§ **About this task**
Leaving out all pictures, reproduce the entries below exactly, from the first line through the line that contains "This is Foundation".

§ **Records supplied**
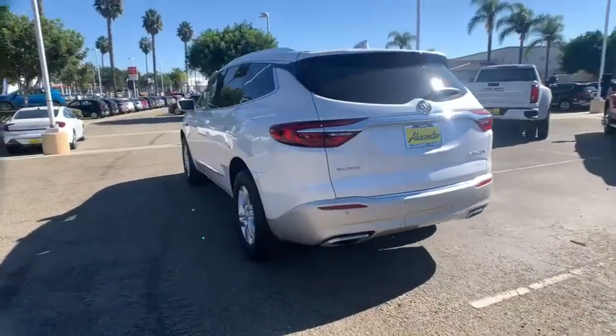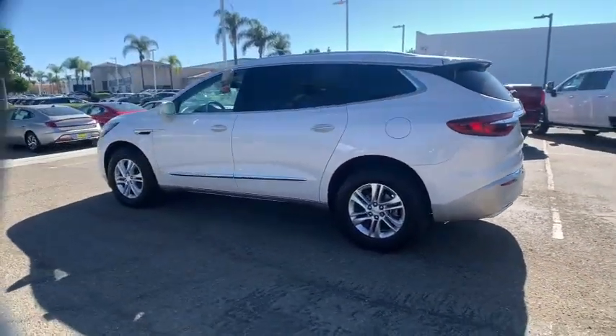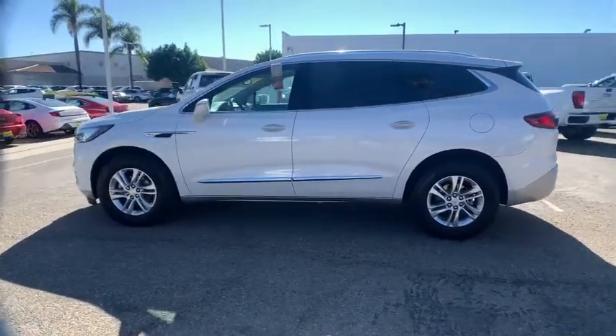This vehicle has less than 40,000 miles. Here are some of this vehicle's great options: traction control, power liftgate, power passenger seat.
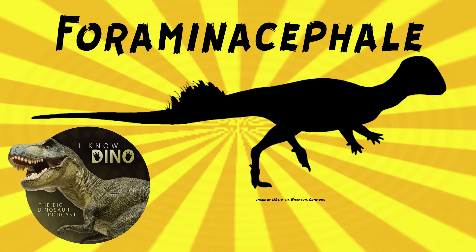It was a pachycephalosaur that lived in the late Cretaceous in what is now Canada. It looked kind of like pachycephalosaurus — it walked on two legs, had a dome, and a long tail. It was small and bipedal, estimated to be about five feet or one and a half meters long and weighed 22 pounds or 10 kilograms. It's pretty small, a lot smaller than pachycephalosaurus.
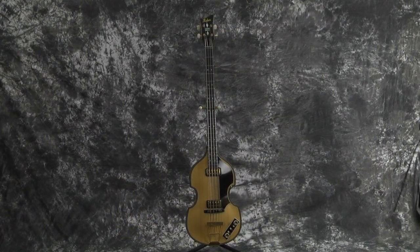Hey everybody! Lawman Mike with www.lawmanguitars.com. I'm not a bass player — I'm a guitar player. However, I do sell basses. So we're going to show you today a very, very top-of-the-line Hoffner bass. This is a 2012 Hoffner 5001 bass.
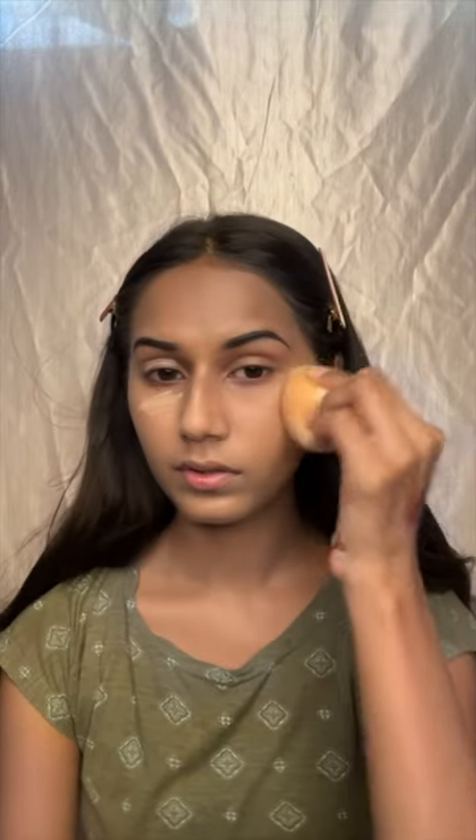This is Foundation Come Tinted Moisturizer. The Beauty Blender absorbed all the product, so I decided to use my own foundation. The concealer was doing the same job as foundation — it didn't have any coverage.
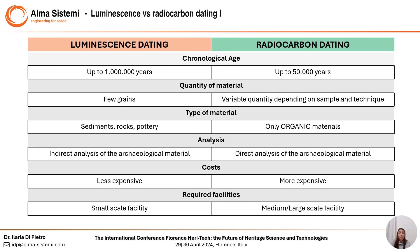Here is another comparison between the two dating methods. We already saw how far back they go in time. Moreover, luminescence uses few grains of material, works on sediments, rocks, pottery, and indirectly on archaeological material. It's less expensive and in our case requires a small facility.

§ **Problem solution**
This vehicle has less than 40,000 miles. Here are some of this vehicle's great options: traction control, power liftgate, power passenger seat.
It was a pachycephalosaur that lived in the late Cretaceous in what is now Canada. It looked kind of like pachycephalosaurus — it walked on two legs, had a dome, and a long tail. It was small and bipedal, estimated to be about five feet or one and a half meters long and weighed 22 pounds or 10 kilograms. It's pretty small, a lot smaller than pachycephalosaurus.
Hey everybody! Lawman Mike with www.lawmanguitars.com. I'm not a bass player — I'm a guitar player. However, I do sell basses. So we're going to show you today a very, very top-of-the-line Hoffner bass. This is a 2012 Hoffner 5001 bass.
This is Foundation Come Tinted Moisturizer. The Beauty Blender absorbed all the product, so I decided to use my own foundation. The concealer was doing the same job as foundation — it didn't have any coverage.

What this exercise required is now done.